◆ **What you need to do**
Begin with the line below holding "Vintage Danish multi" and go on through the line holding "Netsnoer China type", duplicating each line exactly and leaving out pictures.

◆ **The data**
┌──

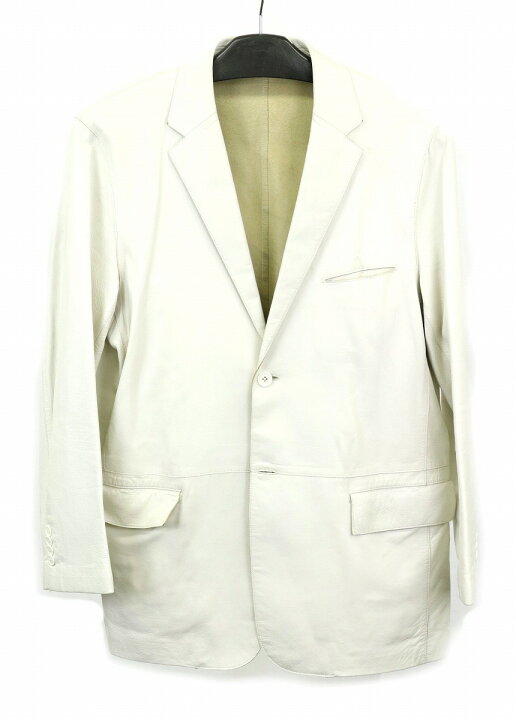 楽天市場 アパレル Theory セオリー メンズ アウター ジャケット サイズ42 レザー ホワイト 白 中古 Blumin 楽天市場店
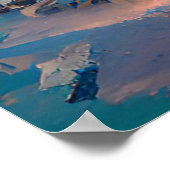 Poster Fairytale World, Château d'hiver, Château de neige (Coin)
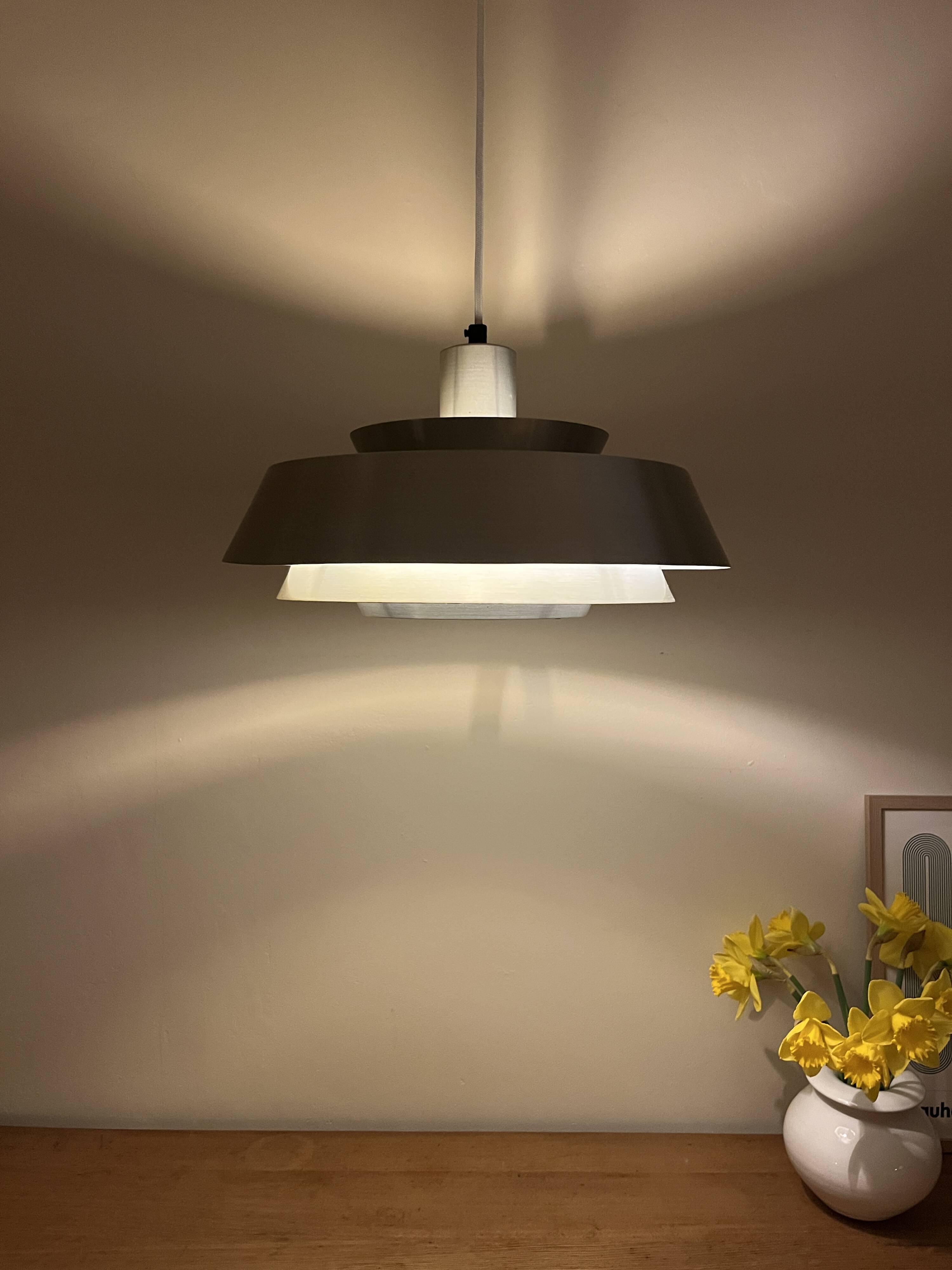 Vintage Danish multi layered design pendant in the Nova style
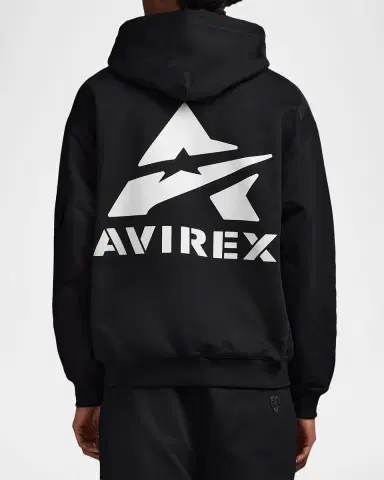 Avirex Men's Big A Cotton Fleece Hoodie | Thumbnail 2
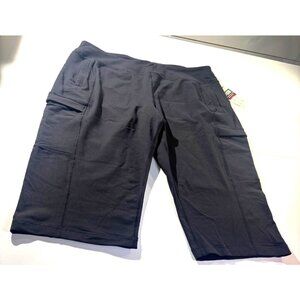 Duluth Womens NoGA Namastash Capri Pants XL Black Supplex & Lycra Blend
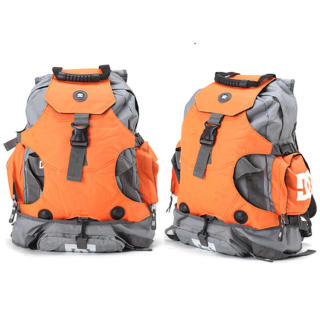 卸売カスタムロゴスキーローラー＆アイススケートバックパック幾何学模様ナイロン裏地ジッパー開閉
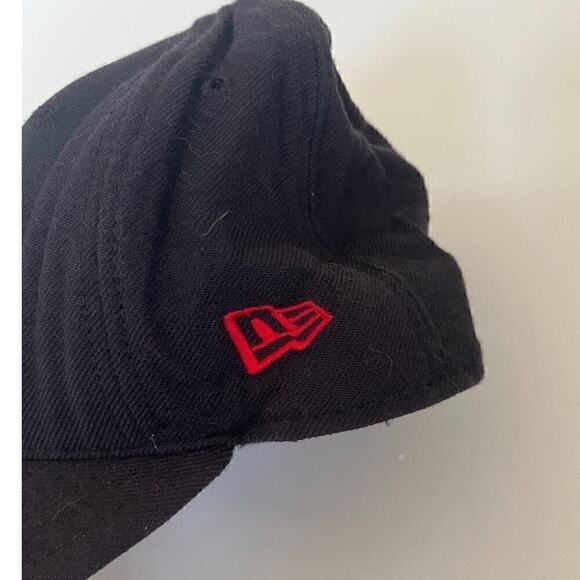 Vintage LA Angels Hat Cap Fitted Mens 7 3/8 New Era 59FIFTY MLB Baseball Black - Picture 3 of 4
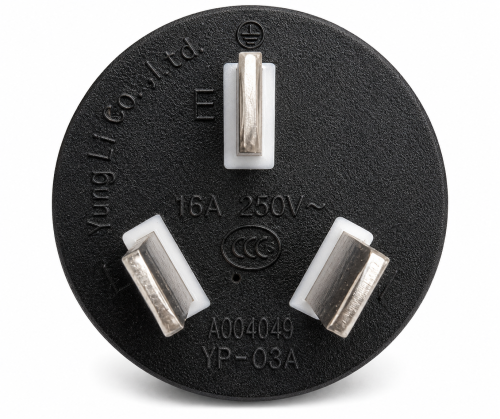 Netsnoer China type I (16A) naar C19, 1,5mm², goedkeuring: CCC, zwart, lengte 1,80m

└──
┌──

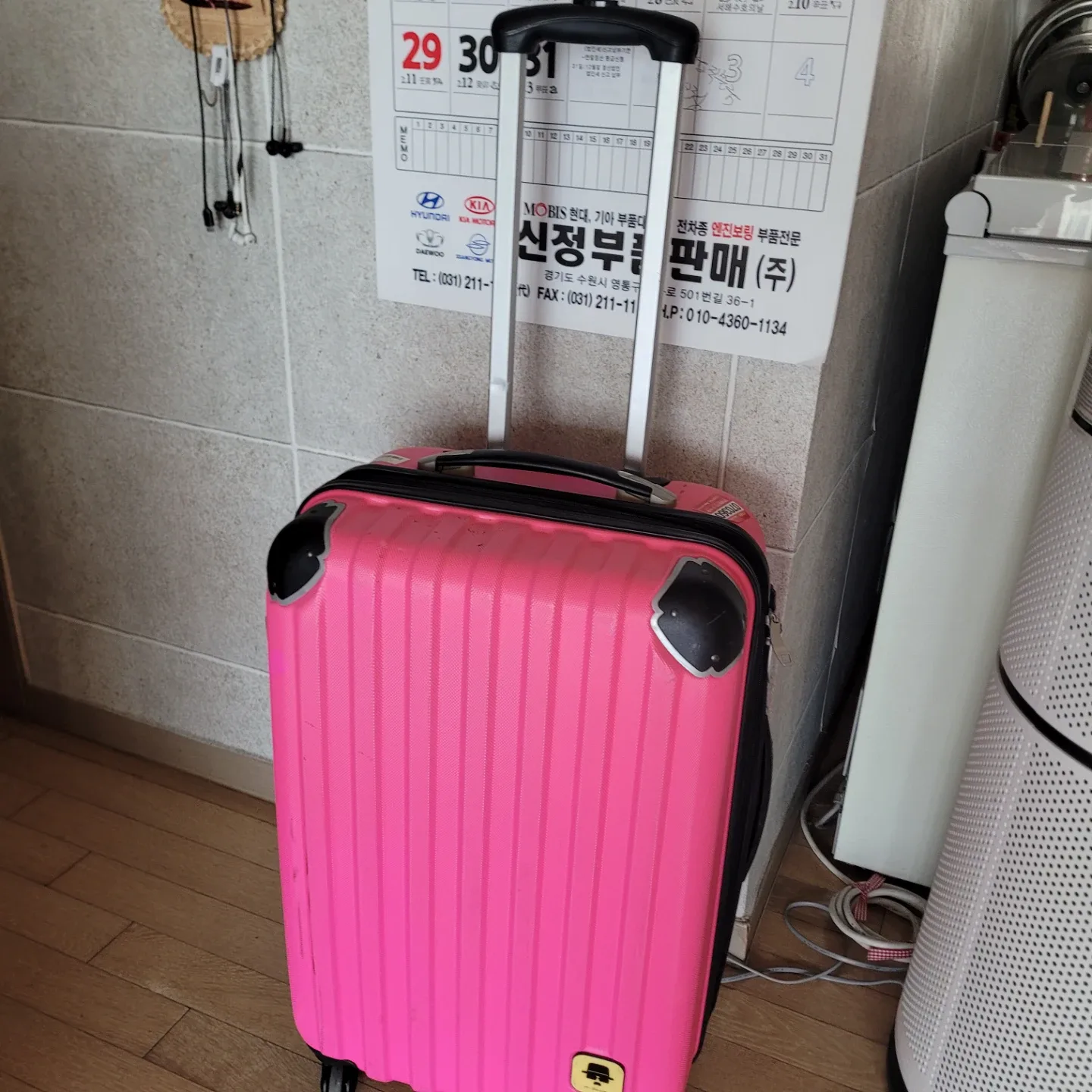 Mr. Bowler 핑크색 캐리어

└──

◆ **Result**
 Vintage Danish multi layered design pendant in the Nova style
 Avirex Men's Big A Cotton Fleece Hoodie | Thumbnail 2
 Duluth Womens NoGA Namastash Capri Pants XL Black Supplex & Lycra Blend
 卸売カスタムロゴスキーローラー＆アイススケートバックパック幾何学模様ナイロン裏地ジッパー開閉
 Vintage LA Angels Hat Cap Fitted Mens 7 3/8 New Era 59FIFTY MLB Baseball Black - Picture 3 of 4
 Netsnoer China type I (16A) naar C19, 1,5mm², goedkeuring: CCC, zwart, lengte 1,80m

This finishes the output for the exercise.